Reputation: 13
I was able to create a tibble with results of 12 linear models as lists with the code below. These are linear models between average monthly flow (MMF) and watershed area (DRAINAGE_AREA_GROSS) and the output can bee seen in the picture.
MMF_reggression <- flow_average %>% group_by(Month) %>%
do(model = lm(MMF ~ DRAINAGE_AREA_GROSS, data = .))

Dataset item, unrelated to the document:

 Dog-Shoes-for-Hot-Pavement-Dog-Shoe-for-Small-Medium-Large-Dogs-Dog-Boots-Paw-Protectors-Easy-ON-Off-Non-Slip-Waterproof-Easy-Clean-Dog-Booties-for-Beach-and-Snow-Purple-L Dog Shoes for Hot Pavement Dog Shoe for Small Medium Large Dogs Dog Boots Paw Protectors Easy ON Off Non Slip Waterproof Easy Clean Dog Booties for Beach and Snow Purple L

I want to export the coefficients of the lists to CSV, but I am having trouble dealing with them because they are in this tibble.
So no the end of the world but would like to not have manually put those into a .csv. Any solutions to this would be greatly appreciated.
I can't get approaches like this to work:
write.csv(coef(MMF_reggression[[,2]]), file = 'regionalregression.csv')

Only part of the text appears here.